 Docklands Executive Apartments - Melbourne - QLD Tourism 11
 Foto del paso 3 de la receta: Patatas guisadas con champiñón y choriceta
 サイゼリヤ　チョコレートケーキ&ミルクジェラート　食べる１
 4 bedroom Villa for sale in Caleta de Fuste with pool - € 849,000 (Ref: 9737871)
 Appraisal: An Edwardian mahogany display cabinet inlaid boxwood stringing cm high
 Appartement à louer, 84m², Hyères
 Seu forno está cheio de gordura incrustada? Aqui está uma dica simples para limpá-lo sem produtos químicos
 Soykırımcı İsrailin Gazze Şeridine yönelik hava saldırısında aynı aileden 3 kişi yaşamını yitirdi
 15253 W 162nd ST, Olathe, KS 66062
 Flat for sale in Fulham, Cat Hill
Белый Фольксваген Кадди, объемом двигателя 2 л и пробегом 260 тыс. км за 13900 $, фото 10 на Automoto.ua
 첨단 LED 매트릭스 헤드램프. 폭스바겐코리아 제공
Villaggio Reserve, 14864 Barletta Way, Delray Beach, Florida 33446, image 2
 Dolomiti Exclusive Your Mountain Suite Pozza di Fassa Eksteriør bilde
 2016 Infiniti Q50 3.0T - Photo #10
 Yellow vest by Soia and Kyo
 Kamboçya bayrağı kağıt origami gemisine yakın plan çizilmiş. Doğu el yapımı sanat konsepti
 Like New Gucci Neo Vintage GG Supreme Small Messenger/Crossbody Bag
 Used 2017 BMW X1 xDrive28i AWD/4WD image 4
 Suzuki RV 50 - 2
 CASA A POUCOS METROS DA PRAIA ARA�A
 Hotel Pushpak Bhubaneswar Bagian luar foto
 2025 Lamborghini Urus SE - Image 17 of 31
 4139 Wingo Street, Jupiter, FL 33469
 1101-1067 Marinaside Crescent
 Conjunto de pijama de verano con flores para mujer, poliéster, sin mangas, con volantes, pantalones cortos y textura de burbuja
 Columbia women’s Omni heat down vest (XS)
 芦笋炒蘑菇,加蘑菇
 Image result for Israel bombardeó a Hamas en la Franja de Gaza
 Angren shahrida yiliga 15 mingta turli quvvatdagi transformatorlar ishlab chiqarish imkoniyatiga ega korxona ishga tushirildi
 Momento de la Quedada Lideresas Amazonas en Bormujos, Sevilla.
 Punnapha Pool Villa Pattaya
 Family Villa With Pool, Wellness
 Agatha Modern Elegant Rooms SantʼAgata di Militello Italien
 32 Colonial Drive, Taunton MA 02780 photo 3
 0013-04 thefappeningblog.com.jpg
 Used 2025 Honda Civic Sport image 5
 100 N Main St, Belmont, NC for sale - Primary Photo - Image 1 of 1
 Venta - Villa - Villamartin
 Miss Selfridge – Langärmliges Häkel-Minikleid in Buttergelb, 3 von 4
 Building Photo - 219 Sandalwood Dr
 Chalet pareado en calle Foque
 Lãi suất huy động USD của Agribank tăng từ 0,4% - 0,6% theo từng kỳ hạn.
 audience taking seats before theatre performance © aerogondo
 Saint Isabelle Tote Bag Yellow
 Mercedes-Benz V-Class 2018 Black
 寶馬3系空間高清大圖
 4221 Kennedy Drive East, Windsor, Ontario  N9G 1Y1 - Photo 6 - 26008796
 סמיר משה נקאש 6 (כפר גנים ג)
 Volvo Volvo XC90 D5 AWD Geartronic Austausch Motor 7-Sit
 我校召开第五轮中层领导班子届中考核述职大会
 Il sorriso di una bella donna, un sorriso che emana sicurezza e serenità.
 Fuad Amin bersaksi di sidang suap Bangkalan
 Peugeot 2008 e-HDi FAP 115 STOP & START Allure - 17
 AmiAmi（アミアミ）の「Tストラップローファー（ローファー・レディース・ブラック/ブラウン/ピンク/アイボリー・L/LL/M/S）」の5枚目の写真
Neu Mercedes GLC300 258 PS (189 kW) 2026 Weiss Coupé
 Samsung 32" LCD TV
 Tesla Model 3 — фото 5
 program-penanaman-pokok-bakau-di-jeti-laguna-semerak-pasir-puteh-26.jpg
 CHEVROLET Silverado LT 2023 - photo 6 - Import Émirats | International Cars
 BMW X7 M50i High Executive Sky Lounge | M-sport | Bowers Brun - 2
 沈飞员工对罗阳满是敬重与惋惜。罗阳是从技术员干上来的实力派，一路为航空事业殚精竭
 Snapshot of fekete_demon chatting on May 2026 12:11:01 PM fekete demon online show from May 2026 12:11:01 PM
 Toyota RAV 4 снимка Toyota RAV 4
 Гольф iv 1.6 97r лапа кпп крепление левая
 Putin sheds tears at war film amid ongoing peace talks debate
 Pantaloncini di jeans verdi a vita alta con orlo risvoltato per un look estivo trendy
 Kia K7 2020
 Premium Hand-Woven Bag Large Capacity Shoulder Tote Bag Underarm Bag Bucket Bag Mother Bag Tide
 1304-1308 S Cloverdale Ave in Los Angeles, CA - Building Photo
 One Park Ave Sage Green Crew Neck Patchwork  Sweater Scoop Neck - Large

Problem statement: Print exactly, and only, the lines running from the one that contains "Toyota RAV 4 снимка Toyota RAV 4" to the last line of the records above.

Finished exercise:
 Toyota RAV 4 снимка Toyota RAV 4
 Гольф iv 1.6 97r лапа кпп крепление левая
 Putin sheds tears at war film amid ongoing peace talks debate
 Pantaloncini di jeans verdi a vita alta con orlo risvoltato per un look estivo trendy
 Kia K7 2020
 Premium Hand-Woven Bag Large Capacity Shoulder Tote Bag Underarm Bag Bucket Bag Mother Bag Tide
 1304-1308 S Cloverdale Ave in Los Angeles, CA - Building Photo
 One Park Ave Sage Green Crew Neck Patchwork  Sweater Scoop Neck - Large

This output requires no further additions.